Image-text web data
"""
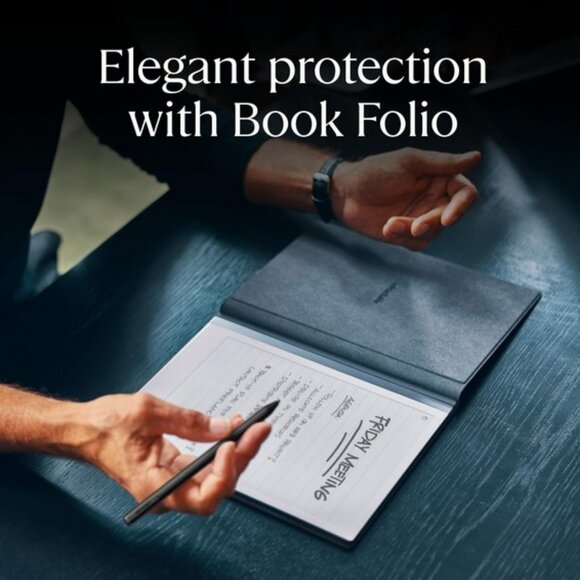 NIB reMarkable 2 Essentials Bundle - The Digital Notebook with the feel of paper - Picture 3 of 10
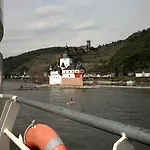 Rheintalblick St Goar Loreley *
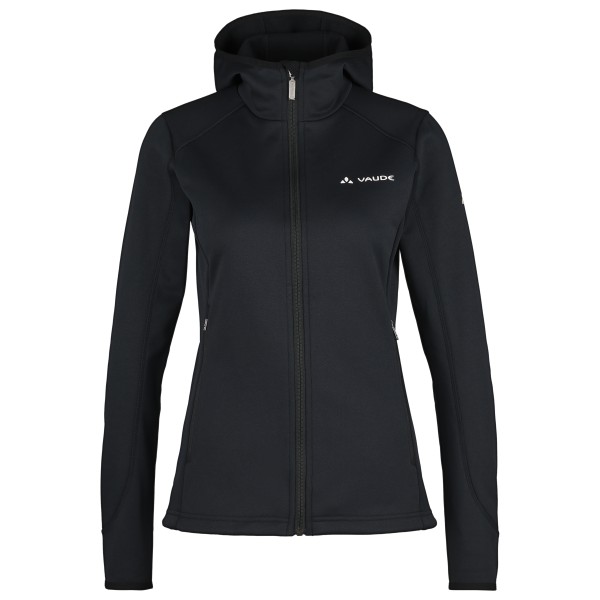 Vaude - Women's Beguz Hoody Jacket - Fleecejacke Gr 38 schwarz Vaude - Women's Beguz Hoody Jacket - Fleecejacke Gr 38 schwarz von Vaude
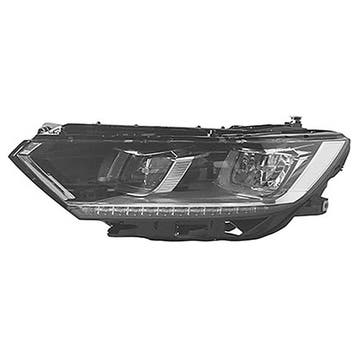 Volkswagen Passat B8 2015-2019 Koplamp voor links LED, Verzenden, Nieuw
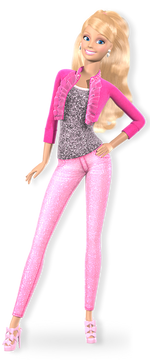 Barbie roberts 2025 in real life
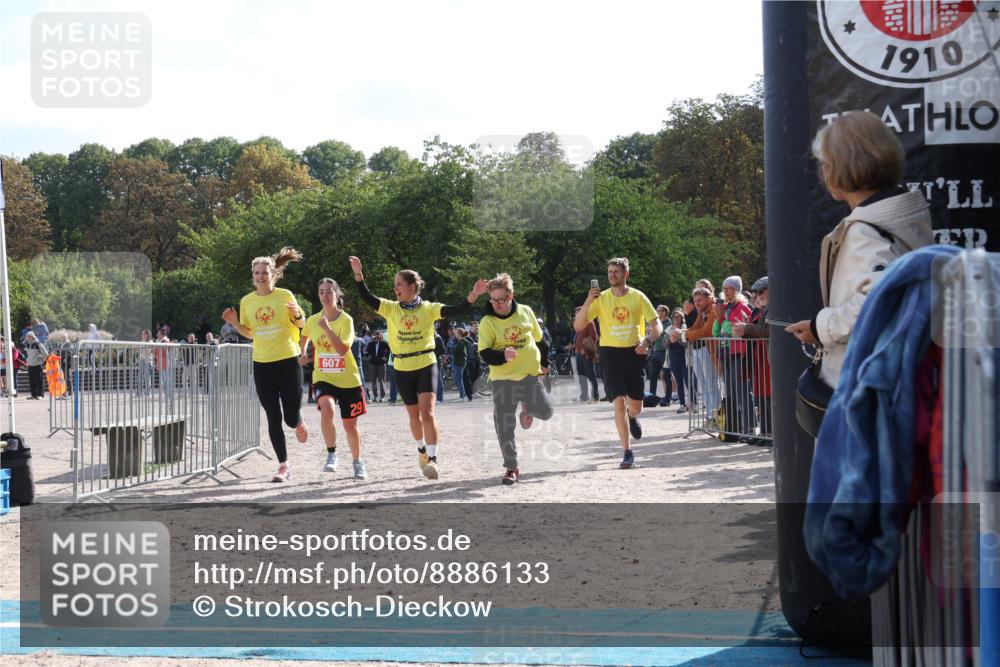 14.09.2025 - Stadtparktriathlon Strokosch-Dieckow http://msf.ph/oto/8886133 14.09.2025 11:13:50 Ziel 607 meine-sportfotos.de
"""
Set the records down again exactly, and omit any picture in them.

 NIB reMarkable 2 Essentials Bundle - The Digital Notebook with the feel of paper - Picture 3 of 10
 Rheintalblick St Goar Loreley *
 Vaude - Women's Beguz Hoody Jacket - Fleecejacke Gr 38 schwarz Vaude - Women's Beguz Hoody Jacket - Fleecejacke Gr 38 schwarz von Vaude
 Volkswagen Passat B8 2015-2019 Koplamp voor links LED, Verzenden, Nieuw
 Barbie roberts 2025 in real life
 14.09.2025 - Stadtparktriathlon Strokosch-Dieckow http://msf.ph/oto/8886133 14.09.2025 11:13:50 Ziel 607 meine-sportfotos.de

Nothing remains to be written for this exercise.